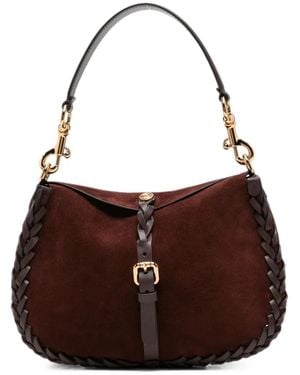 Etro Braided Suede Shoulder Bag - Brown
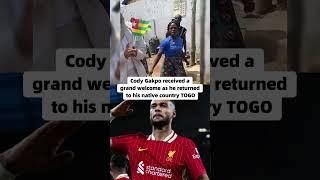 SHOCKING! CODY GAKPO RETURNS TO TOGO ON HOLIDAYS.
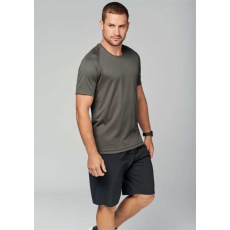 egyéb Póló Proact férfi sport rövid ujjú kerek nyakú férfi, dark grey, M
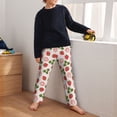 thumbnail image 5 of Yiaed Strawberries And Leaf Print Teenagers' Lounge Pants, Loose PJ Bottoms, Long Pajama Pants for Men-Small, 5 of 6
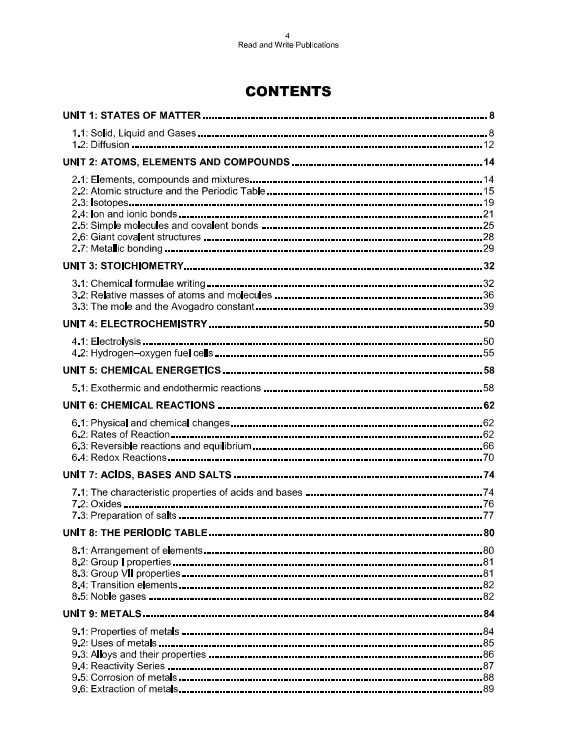225 Chemistry O-Level/IGCSE Revision Notes Series by Ali Waheed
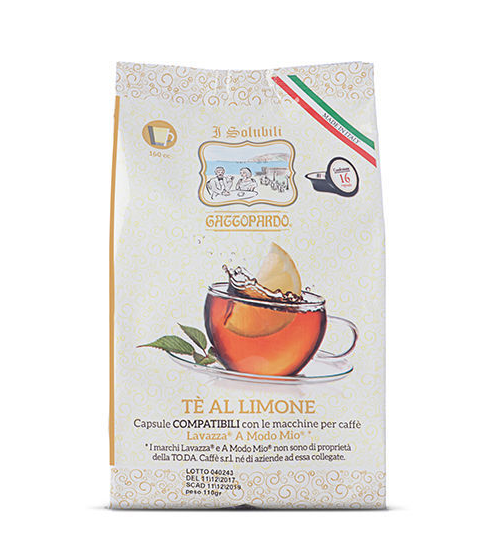 Gattopardo Tè al Limone compatibile Lavazza A Modo Mio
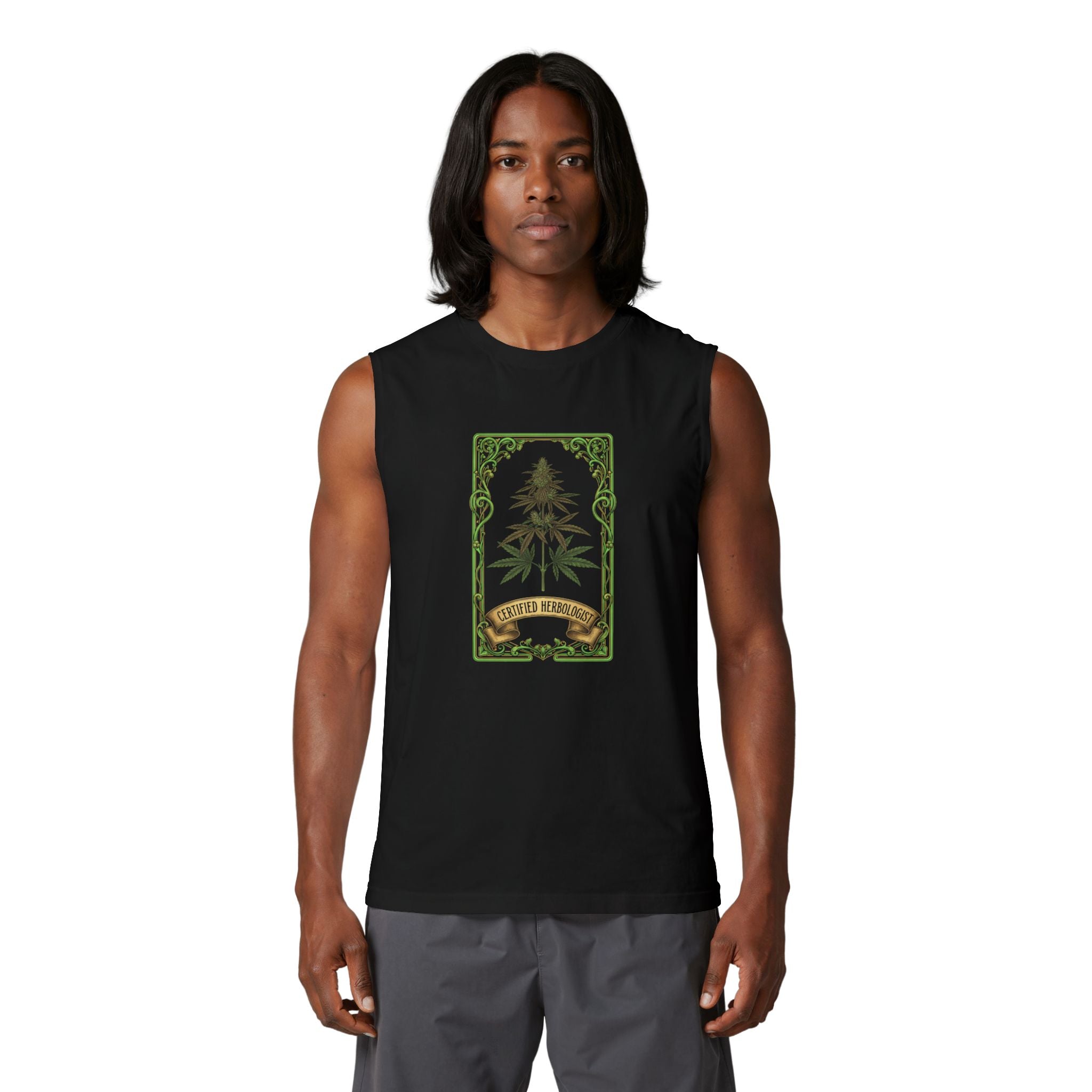 Cannabis Botanical Certified Herbologist Men's Tank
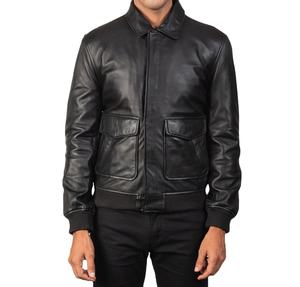 Vente en gros de veste d'hiver brodée personnalisée de haute qualité veste en cuir coupe-vent pour homme vestes au design personnalisé pour hommes - Product Image 4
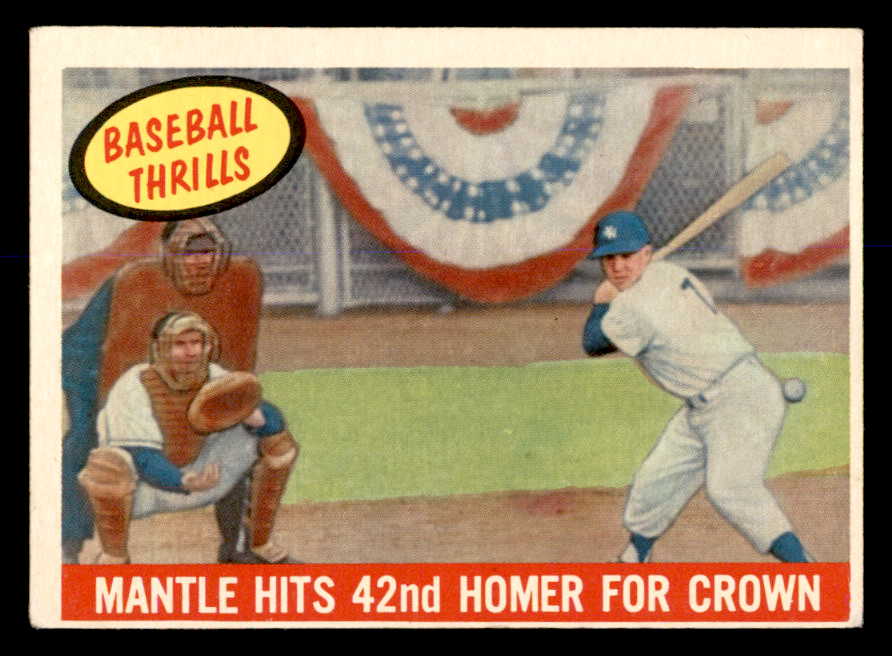 1959 Topps Baseball #461 Mickey Mantle IA Yankees VG-EX 538808
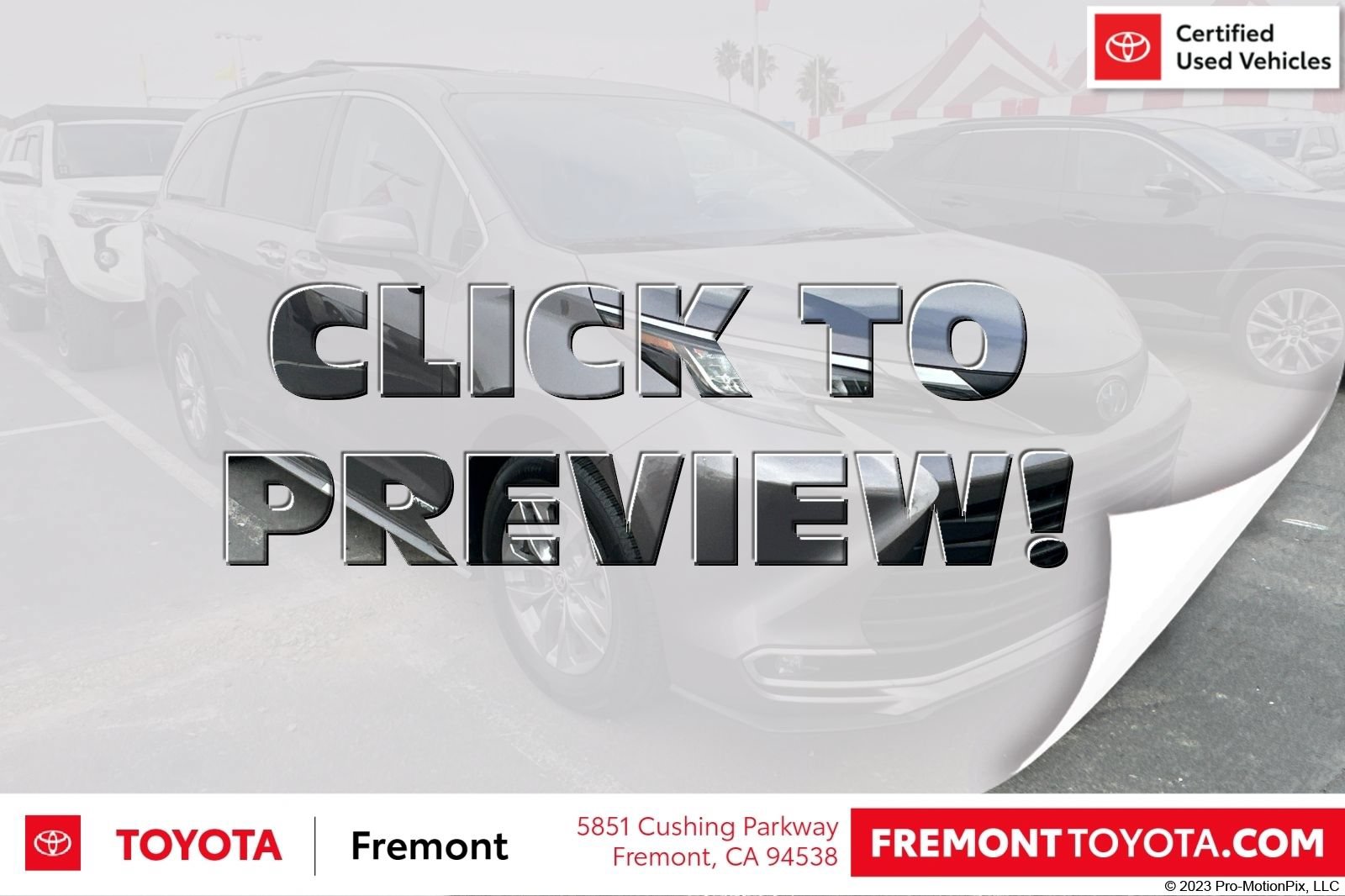 Certified 2021 Toyota Sienna XLE FWD image 1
━━━━━━━━
■ What the task requires
What is needed is an exact transcription of the lines from the one holding "1959 Topps Baseball" to the end of the data, with every picture left out.

■ Answer space
 1959 Topps Baseball #461 Mickey Mantle IA Yankees VG-EX 538808
 Certified 2021 Toyota Sienna XLE FWD image 1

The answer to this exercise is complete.